Preposition and Postposition - Definitional Issues

Definitional Issues

There are many different types of adpositions, and some adpositions can also be classified as verbs, nouns, or adjectives. It is thus impossible to provide an absolute definition that picks out all and only the adpositions in every language. The following features, however, are often required of adpositions.

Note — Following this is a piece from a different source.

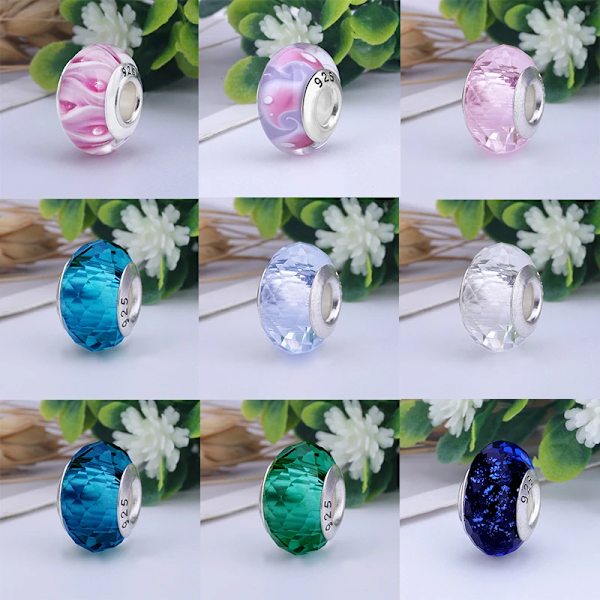 Uusi eurooppalainen värikäs Lampwork-lasipallo Murano-muovi Aolly-riipus sopii Pandoran rannekkeeseen rannekoru naisille tytölle DIY-korut Dropship yw15813 8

  • An adposition prototypically combines syntactically with exactly one complement phrase, most often a noun phrase (or, in a different analysis, a determiner phrase). (In some analyses, an adposition need have no complement. See below.) In English, this is generally a noun (or something functioning as a noun, e.g., a gerund), called the object of the preposition, together with its attendant modifiers.
  • An adposition establishes the grammatical relationship that links its complement to another word or phrase in the context. In English, it may also establish a semantic relationship, which may be spatial (in, on, under, ...), temporal (after, during, ...), or logical (via, ...) in nature. The World Atlas of Language Structures treats a word as an adposition if it takes a noun phrase as complement and indicates the grammatical or semantic relationship of that phrase to the verb in the containing clause.
  • An adposition determines certain grammatical properties of its complement (e.g. its case). In English, the objects of prepositions are always in the objective case (where such case is available: i.e. pronouns). In Koine Greek, certain prepositions always take their objects in a certain case (e.g., ἐν always takes its object in the dative), and other prepositions may take their object in one of several cases, depending on the meaning of the preposition (e.g., διά takes its object in the genitive or in the accusative, depending on the meaning).
  • Adpositions are non-inflecting (or "invariant"); i.e., they do not have paradigms of forms (for different tenses, cases, genders, etc.) in the same way as verbs, adjectives, and nouns in the same language. There are exceptions, though, for example in Celtic languages (see Inflected preposition).